For more than six decades, the Mount Airy, N.C., company has sent its troops from the land of Andy Griffith and furniture makers out to install and repair power lines. Pike Electric is a contractor working for some 150 utilities in 19 states stretching from Pennsylvania on the north, south to the Florida Keys, and over to Texas in the Southwest.

As the story goes, World War II had just ended and Floyd Pike was looking to buy a truck to launch his business. Heavy equipment was in short supply and he was getting frustrated. He’d heard that a truck had fallen off a barge and sank in an inland waterway in eastern North Carolina, so he and a friend salvaged it, got it running, and drove it back to Mount Airy. That first truck, since retired and restored, is still at the company, which has Floyd’s grandson, J. Eric Pike, as its chairman, president and chief executive. 

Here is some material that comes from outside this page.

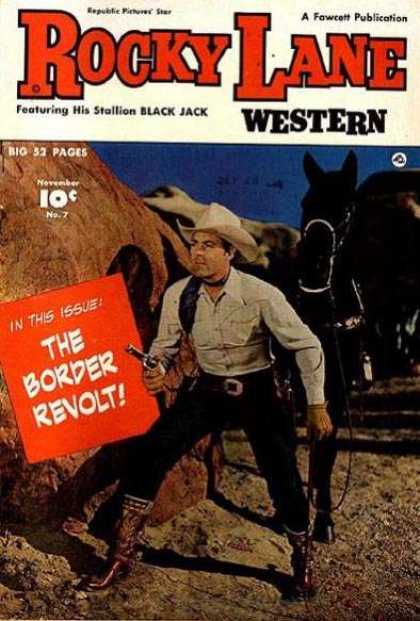 Rocky Lane Western 7 - Black Jack - Fawcott Publication - The Border Revolt - Republic Pictures - Big 52 Pages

No matter what the season, Pike’s schoolbus-yellow equipment can be seen working to install or restore power lines and equipment – often in the wake of major natural  disasters. Pike’s field crews – the majority of its 6,300 employees – can be called out to handle both the emergencies and the routine: putting up lines downed by hurricanes, re-energizing neighborhoods left in the dark by tornadoes or snowstorms, or installing new lines to meet the demands of a power-hungry region. To name a few of its biggest utility customers, Pike has had long relationships with such major players as Duke Energy Corporation (NYSE: DUK), for 60 years, American Electric Power Company, Inc. (NYSE: AEP), for 48 years, and TXU Corporation (NYSE: TXU), for 31 years.

Analysts show a slightly positive bias towards Pike Electric, which will report its fiscal 2007 results on Tuesday.

While initiating coverage on Pike Electric in mid-July with a hold rating, KeyBanc Capital Markets analyst Tahira Afzal did write in a research note that the company is likely to benefit from a correction in spending in the transmission and distribution sector, while benefiting from favorable industry trends.

In May, Robert W. Baird & Co.’s David Manthey upgraded his outlook to outperform from neutral, putting a target price of $26 on Pike, after the company reported third-quarter earnings rose to $6 million, or $0.18 per share, from $300,000, or $0.01 per share, in the year-ago quarter. Revenue dropped nearly 2% to $154.3 million. Still, the Baird analyst mentioned that the company is likely to generate 30% EPS growth in the 2008 and 2009 fiscal years primarily because of improving profitability and accelerating revenue growth from its powerline business.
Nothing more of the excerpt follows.